Mirassolense fica com a 2ª colocação em ultramaratona

Maratonista mirassolense, que acaba de ser vice em prova de 70 km na região de Rio Preto, planeja voos maiores para seguir na briga por pódios

Lucas Israel
Publicado em 17/09/2021 às 23:37Atualizado em 17/09/2021 às 23:40
Rose exibe, orgulhosa, os troféus conquistados como maratonista: ‘Tenho fé em mim e em Deus. Vou conseguir’ (Divulgação/ Cozimax)

Rose exibe, orgulhosa, os troféus conquistados como maratonista: ‘Tenho fé em mim e em Deus. Vou conseguir’ (Divulgação/ Cozimax)

Pouco menos de 70 quilômetros separam Rio Preto e Catanduva. Distância que uma maratonista de Mirassol supera graças ao fôlego e à força das pernas. Rosimeire Santana Arena, 42 anos, acaba de conquistar o vice-campeonato no 5º desafio Grandes Lagos, prova de longa duração que abrange Jales, Santa Salete, Santana da Ponte Pensa e Santa Clara D’Oeste, realizado no domingo, 12, se divide entre a rotina de trabalho em uma empresa de Mirassol e as tarefas em casa para alimentar a chama das corridas.

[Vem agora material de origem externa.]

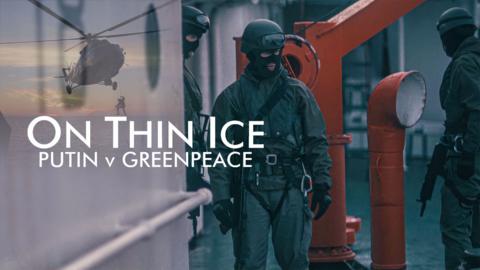 On Thin Ice: Putin v Greenpeace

Mas todo sonho, como sempre, começa com uma faísca. Há seis anos, ela começou no universo das provas de maneira despretensiosa, na própria empresa, e hoje a dedicação às provas é diária. "Não é uma rotina fácil, mas sempre falo que nada nessa vida é fácil. Gostoso é lutar e ter força de vontade. Entro às 6h trabalho até 16h30, e ainda pego alguns trabalhos para ajudar em casa, porque meu marido está desempregado. Mas ele me ajuda cuidando da casa e com o filho na escola”, conta.

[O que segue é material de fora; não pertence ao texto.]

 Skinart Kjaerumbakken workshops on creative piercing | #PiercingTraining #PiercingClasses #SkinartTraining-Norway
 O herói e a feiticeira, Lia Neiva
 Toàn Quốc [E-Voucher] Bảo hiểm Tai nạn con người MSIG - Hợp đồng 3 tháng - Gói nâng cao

Todos os dias, Rose, como prefere ser chamada, treina um pouco, sempre depois do expediente. Os treinos são acompanhados por um treinador e variam entre 10km e 20 km durante a semana. Contudo, aos finais de semana, vêm as práticas mais pesadas. São 30km aos sábados e 42km – a distância da maratona olímpica – aos domingos. O marido, claro, também ajuda, levando água e isotônicos, mas claro, de carro ou moto. “Na verdade, ele vai com o que tiver gasolina”, brinca. Mas é justamente este apoio da família que a faz ir mais longe. “Na verdade é um ponto que tive muita sorte. Tive uma compreensão da família. Se não tivesse, apoio, nunca daria certo.”

Mesmo com o físico perfeito, o trabalho psicológico também é fundamental. Afinal, mesmo que as pernas aguentem, a cabeça se torna um obstáculo conforme os passos avançam. “A gente corre 50% com as pernas e 50% com a cabeça. Se não tiver psicológico com 30 quilômetros, você para, porque o desgaste é muito grande. O tempo inteiro fico pensando: – Tenho fé em mim e em Deus. Vou conseguir, não desista.”

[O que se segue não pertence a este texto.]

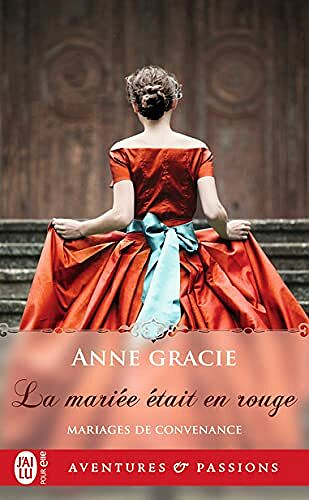 Mariages de convenance (Tome 4) - La mariée était en rouge - Anne Gracie (2021)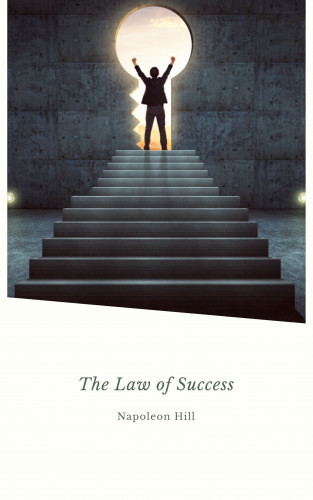 Napoleon Hill: The Law of Success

Apesar do desânimo esporádico e das condições financeiras que por vezes a impedem de viajar, a motivação para correr é maior. Por isso, os planos para as próximas provas já estão a todo vapor, respeitando as limitações impostas pela pandemia. “No final do ano tem a São Silvestre e no ano que vem quero participar da Maratona do Rio do Rastro”, planeja.